*** Opening Data to examine ***

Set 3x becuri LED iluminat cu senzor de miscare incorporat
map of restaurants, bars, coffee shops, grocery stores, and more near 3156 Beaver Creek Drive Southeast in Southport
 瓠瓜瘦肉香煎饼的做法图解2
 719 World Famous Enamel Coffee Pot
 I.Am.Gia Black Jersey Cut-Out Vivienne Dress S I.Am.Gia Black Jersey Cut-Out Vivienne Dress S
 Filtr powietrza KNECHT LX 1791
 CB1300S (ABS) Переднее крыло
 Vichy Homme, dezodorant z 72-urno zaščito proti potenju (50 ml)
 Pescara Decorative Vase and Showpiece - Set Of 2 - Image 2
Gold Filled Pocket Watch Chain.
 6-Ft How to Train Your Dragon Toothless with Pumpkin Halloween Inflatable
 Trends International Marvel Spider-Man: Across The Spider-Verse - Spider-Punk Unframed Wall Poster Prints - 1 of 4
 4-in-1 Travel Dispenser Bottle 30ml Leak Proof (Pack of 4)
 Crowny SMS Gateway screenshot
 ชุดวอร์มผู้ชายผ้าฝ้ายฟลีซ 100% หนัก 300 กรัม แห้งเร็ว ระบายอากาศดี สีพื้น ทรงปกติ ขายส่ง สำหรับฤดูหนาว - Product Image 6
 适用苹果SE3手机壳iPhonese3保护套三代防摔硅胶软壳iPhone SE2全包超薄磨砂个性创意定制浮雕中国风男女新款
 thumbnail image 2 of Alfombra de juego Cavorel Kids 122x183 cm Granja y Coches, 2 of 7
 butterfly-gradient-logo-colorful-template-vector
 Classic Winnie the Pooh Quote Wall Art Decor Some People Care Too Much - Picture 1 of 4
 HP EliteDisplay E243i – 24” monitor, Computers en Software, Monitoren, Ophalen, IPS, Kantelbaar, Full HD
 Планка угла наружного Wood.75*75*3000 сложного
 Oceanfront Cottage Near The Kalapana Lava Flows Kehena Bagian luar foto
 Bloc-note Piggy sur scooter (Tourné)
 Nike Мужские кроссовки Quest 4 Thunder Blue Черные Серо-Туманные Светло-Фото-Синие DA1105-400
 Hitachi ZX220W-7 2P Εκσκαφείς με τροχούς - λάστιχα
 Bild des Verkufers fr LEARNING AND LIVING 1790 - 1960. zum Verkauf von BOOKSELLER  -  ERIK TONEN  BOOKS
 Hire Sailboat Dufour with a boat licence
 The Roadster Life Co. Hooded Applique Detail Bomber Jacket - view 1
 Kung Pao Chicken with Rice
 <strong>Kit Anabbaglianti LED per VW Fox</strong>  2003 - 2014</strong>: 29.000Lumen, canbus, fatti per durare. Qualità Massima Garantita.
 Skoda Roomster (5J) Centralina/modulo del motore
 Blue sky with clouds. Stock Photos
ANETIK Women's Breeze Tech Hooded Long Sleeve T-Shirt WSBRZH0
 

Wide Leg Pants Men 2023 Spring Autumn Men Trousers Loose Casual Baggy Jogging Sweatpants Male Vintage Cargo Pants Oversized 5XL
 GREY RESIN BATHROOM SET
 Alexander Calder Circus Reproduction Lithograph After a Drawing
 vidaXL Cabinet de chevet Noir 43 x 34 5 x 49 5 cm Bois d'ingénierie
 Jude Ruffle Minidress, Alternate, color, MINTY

*** Closing Data to examine ***

Task requirements >>
Print out every entry, keeping each one exact.

Reply >>
Set 3x becuri LED iluminat cu senzor de miscare incorporat
map of restaurants, bars, coffee shops, grocery stores, and more near 3156 Beaver Creek Drive Southeast in Southport
 瓠瓜瘦肉香煎饼的做法图解2
 719 World Famous Enamel Coffee Pot
 I.Am.Gia Black Jersey Cut-Out Vivienne Dress S I.Am.Gia Black Jersey Cut-Out Vivienne Dress S
 Filtr powietrza KNECHT LX 1791
 CB1300S (ABS) Переднее крыло
 Vichy Homme, dezodorant z 72-urno zaščito proti potenju (50 ml)
 Pescara Decorative Vase and Showpiece - Set Of 2 - Image 2
Gold Filled Pocket Watch Chain.
 6-Ft How to Train Your Dragon Toothless with Pumpkin Halloween Inflatable
 Trends International Marvel Spider-Man: Across The Spider-Verse - Spider-Punk Unframed Wall Poster Prints - 1 of 4
 4-in-1 Travel Dispenser Bottle 30ml Leak Proof (Pack of 4)
 Crowny SMS Gateway screenshot
 ชุดวอร์มผู้ชายผ้าฝ้ายฟลีซ 100% หนัก 300 กรัม แห้งเร็ว ระบายอากาศดี สีพื้น ทรงปกติ ขายส่ง สำหรับฤดูหนาว - Product Image 6
 适用苹果SE3手机壳iPhonese3保护套三代防摔硅胶软壳iPhone SE2全包超薄磨砂个性创意定制浮雕中国风男女新款
 thumbnail image 2 of Alfombra de juego Cavorel Kids 122x183 cm Granja y Coches, 2 of 7
 butterfly-gradient-logo-colorful-template-vector
 Classic Winnie the Pooh Quote Wall Art Decor Some People Care Too Much - Picture 1 of 4
 HP EliteDisplay E243i – 24” monitor, Computers en Software, Monitoren, Ophalen, IPS, Kantelbaar, Full HD
 Планка угла наружного Wood.75*75*3000 сложного
 Oceanfront Cottage Near The Kalapana Lava Flows Kehena Bagian luar foto
 Bloc-note Piggy sur scooter (Tourné)
 Nike Мужские кроссовки Quest 4 Thunder Blue Черные Серо-Туманные Светло-Фото-Синие DA1105-400
 Hitachi ZX220W-7 2P Εκσκαφείς με τροχούς - λάστιχα
 Bild des Verkufers fr LEARNING AND LIVING 1790 - 1960. zum Verkauf von BOOKSELLER  -  ERIK TONEN  BOOKS
 Hire Sailboat Dufour with a boat licence
 The Roadster Life Co. Hooded Applique Detail Bomber Jacket - view 1
 Kung Pao Chicken with Rice
 <strong>Kit Anabbaglianti LED per VW Fox</strong>  2003 - 2014</strong>: 29.000Lumen, canbus, fatti per durare. Qualità Massima Garantita.
 Skoda Roomster (5J) Centralina/modulo del motore
 Blue sky with clouds. Stock Photos
ANETIK Women's Breeze Tech Hooded Long Sleeve T-Shirt WSBRZH0
 

Wide Leg Pants Men 2023 Spring Autumn Men Trousers Loose Casual Baggy Jogging Sweatpants Male Vintage Cargo Pants Oversized 5XL
 GREY RESIN BATHROOM SET
 Alexander Calder Circus Reproduction Lithograph After a Drawing
 vidaXL Cabinet de chevet Noir 43 x 34 5 x 49 5 cm Bois d'ingénierie
 Jude Ruffle Minidress, Alternate, color, MINTY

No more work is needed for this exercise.